• **Aim of the task**:
Only the line containing "Volkswagen Touran - 1.6-16V" and the lines after it, through the end of the data below, are to be returned, each exactly as it stands.

• **Stored items**:
────────────────────

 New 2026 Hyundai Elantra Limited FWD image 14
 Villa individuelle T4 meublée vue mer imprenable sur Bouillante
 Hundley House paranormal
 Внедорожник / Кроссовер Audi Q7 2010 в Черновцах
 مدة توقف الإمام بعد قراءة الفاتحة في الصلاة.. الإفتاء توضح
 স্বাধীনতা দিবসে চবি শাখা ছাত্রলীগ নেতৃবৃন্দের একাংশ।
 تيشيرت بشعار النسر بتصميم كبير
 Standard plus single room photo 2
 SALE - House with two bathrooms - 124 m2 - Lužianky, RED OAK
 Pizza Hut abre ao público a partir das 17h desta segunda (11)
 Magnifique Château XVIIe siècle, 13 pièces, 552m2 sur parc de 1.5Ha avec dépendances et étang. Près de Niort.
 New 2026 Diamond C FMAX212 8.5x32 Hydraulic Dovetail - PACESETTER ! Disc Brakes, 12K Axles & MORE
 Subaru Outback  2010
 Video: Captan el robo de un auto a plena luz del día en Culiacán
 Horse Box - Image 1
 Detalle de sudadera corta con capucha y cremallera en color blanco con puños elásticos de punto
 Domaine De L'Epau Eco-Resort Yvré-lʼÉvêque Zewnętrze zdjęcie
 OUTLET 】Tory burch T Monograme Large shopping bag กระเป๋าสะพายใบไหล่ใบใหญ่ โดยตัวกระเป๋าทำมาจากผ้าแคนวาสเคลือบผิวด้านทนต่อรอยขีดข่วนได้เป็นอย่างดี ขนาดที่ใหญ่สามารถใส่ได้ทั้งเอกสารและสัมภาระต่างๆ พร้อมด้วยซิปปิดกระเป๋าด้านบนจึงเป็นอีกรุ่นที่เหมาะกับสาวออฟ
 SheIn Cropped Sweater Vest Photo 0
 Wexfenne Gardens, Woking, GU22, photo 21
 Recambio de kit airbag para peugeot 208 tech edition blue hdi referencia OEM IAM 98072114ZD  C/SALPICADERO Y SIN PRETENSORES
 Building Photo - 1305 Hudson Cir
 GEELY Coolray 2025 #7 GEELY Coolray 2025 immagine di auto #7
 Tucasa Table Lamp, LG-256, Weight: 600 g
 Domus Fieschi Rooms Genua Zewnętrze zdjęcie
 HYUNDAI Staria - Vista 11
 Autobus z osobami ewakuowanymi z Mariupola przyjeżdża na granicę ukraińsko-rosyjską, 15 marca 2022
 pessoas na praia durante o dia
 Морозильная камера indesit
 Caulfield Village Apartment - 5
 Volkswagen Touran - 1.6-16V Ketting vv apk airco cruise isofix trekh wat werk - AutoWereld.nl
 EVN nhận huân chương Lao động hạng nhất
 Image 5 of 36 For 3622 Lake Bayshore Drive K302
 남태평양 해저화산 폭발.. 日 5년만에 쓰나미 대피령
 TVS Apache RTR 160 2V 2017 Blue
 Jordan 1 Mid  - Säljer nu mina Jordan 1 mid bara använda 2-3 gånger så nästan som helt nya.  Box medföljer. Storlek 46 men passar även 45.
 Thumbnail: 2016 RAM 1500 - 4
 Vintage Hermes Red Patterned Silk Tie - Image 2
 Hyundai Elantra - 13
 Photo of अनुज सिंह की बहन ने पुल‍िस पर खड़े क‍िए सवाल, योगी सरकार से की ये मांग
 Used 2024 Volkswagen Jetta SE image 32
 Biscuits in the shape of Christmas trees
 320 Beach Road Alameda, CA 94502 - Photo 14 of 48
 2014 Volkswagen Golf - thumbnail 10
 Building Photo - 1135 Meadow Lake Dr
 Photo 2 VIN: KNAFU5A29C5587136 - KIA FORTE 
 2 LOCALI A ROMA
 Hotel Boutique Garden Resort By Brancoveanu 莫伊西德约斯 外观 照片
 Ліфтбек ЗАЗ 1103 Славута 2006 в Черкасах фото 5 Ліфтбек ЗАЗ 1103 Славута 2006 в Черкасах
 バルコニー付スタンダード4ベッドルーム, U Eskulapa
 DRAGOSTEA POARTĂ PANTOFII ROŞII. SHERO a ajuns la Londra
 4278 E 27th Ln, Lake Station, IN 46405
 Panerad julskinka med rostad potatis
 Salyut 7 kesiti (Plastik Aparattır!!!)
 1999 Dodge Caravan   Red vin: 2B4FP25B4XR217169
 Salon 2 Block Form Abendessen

────────────────────

• **Output of the task**:
 Volkswagen Touran - 1.6-16V Ketting vv apk airco cruise isofix trekh wat werk - AutoWereld.nl
 EVN nhận huân chương Lao động hạng nhất
 Image 5 of 36 For 3622 Lake Bayshore Drive K302
 남태평양 해저화산 폭발.. 日 5년만에 쓰나미 대피령
 TVS Apache RTR 160 2V 2017 Blue
 Jordan 1 Mid  - Säljer nu mina Jordan 1 mid bara använda 2-3 gånger så nästan som helt nya.  Box medföljer. Storlek 46 men passar även 45.
 Thumbnail: 2016 RAM 1500 - 4
 Vintage Hermes Red Patterned Silk Tie - Image 2
 Hyundai Elantra - 13
 Photo of अनुज सिंह की बहन ने पुल‍िस पर खड़े क‍िए सवाल, योगी सरकार से की ये मांग
 Used 2024 Volkswagen Jetta SE image 32
 Biscuits in the shape of Christmas trees
 320 Beach Road Alameda, CA 94502 - Photo 14 of 48
 2014 Volkswagen Golf - thumbnail 10
 Building Photo - 1135 Meadow Lake Dr
 Photo 2 VIN: KNAFU5A29C5587136 - KIA FORTE 
 2 LOCALI A ROMA
 Hotel Boutique Garden Resort By Brancoveanu 莫伊西德约斯 外观 照片
 Ліфтбек ЗАЗ 1103 Славута 2006 в Черкасах фото 5 Ліфтбек ЗАЗ 1103 Славута 2006 в Черкасах
 バルコニー付スタンダード4ベッドルーム, U Eskulapa
 DRAGOSTEA POARTĂ PANTOFII ROŞII. SHERO a ajuns la Londra
 4278 E 27th Ln, Lake Station, IN 46405
 Panerad julskinka med rostad potatis
 Salyut 7 kesiti (Plastik Aparattır!!!)
 1999 Dodge Caravan   Red vin: 2B4FP25B4XR217169
 Salon 2 Block Form Abendessen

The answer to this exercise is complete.